Fowler commutes by bike to Glen Echo from his home in Takoma Park. He dances ballet, writes poetry and often speaks in quotations, citing the thoughts of dancers, poets, politicians and scientists.

He first came to Glen Echo Park for a modern dance class in 1976, not long after the Park Service took over what had been a segregated amusement park until the late 1960s. Fowler already knew how to swing dance and took up ballet to loosen his muscles after running marathons. Two years later, he took a job at the park as a sound board operator and worked his way up to park ranger, abandoning plans to become a chemist or engineer.

Fowler was drawn to the large dances in the ballroom. "It was like, here's a part of Americana, like New Orleans jazz, that we can preserve," he said. The task has not been easy, especially with the park's small budget and the fading popularity of social dance nationwide.

Fowler is a perfectionist when it comes to cleaning the ballroom floor, removing any dust or grit that could get under a shoe and scrape the maple. Since the 1970s, he has organized volunteers who clean it with oil-treated dust mops, stopping after each row to vacuum the mops.

Occasionally, floorboards broke and Fowler replaced each with a new piece of wood, until he realized that the floor could quickly become a patchwork of mismatched pieces.
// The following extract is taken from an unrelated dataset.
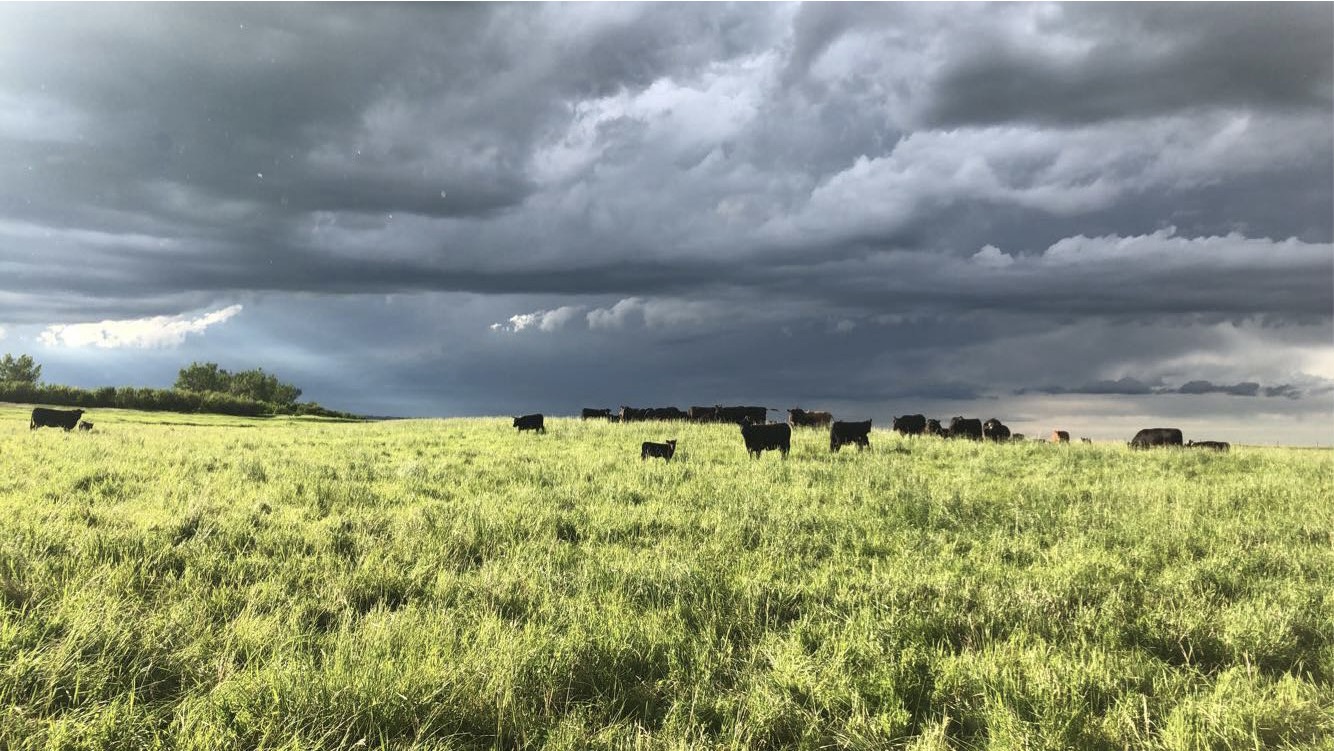 Two 7 Three Ranch Goods' herd of Wagyu-Angus beef cattle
He formulated epoxy substances to fill in gaps, and studied the floor. He concluded that it was most worn down in the center -- prompting a new rule that sent dancers to the sides whenever possible.

In 1996, the Park Service determined that the ballroom floor was unstable and unsafe. Fowler crawled under the floor and taught himself to use a computer drafting program to find a solution. He concluded that the floor could be stabilized easily and inexpensively with concrete blocks and recruited volunteers to start the process.

"We did one-third of the job in four hours, then we went to get permission to finish it," Fowler said. "The dancers chipped in to pay for everything, and it was done."

In the early 1990s, Fowler wandered into the park's dilapidated 1923 bumper car pavilion. The structure was likely to be demolished if it was not renovated, a cost the Park Service pegged at more than half a million dollars. Fowler said he sanded down the end of a pine beam in the pavilion, counted 169 tightly grouped tree rings and decided that the structure had to be saved -- if for no other reason than to preserve the historic wood.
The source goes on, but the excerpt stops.